### Exercise directions
Make an exact transcript of the lines in the data below, starting with the one containing "Portakal Model Hasır" and going on through the one containing "Dwell Studio Full/Queen", with both included and the pictures left out.

### Provided material
────

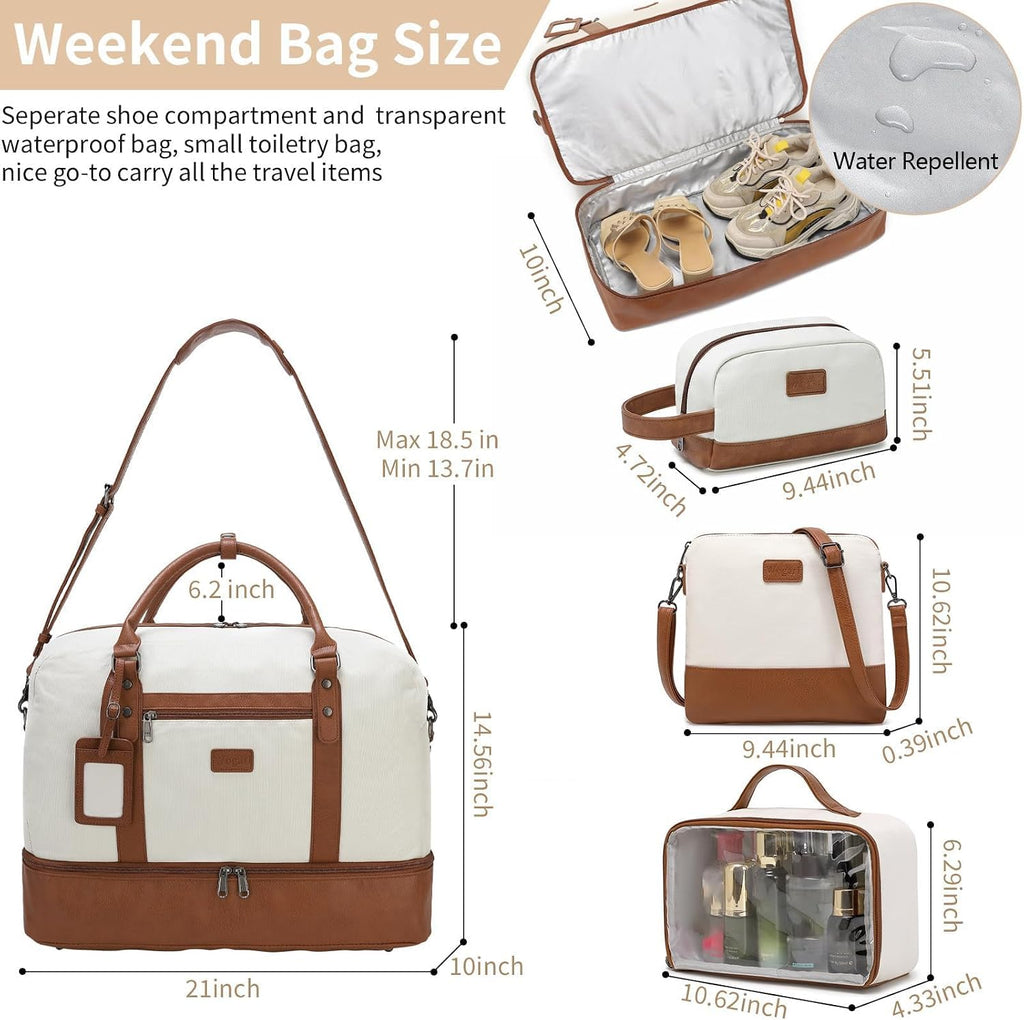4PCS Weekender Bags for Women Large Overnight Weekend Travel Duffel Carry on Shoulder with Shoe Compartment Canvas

────

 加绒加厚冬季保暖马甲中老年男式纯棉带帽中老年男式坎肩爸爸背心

────

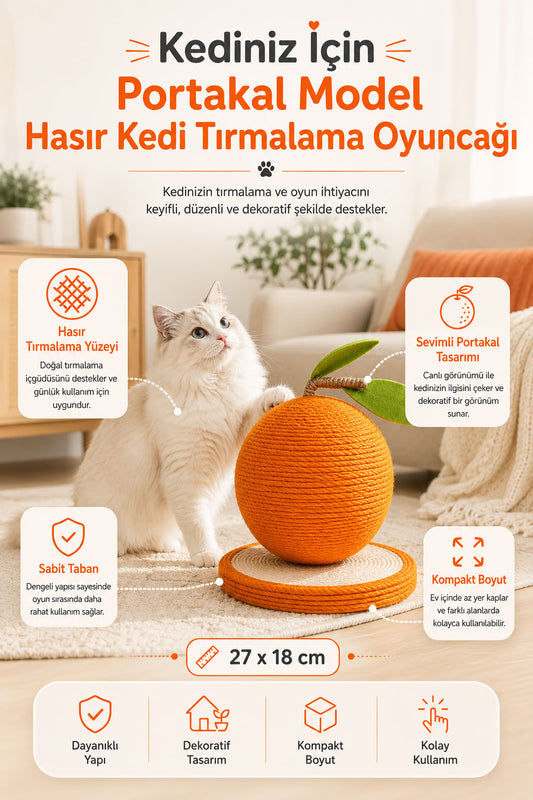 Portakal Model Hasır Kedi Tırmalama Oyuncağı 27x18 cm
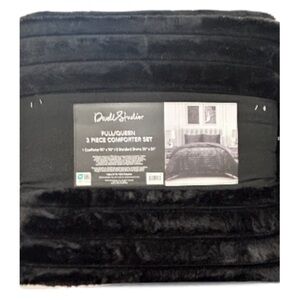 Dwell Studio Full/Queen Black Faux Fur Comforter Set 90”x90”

────

### Solution to the problem
 Portakal Model Hasır Kedi Tırmalama Oyuncağı 27x18 cm
 Dwell Studio Full/Queen Black Faux Fur Comforter Set 90”x90”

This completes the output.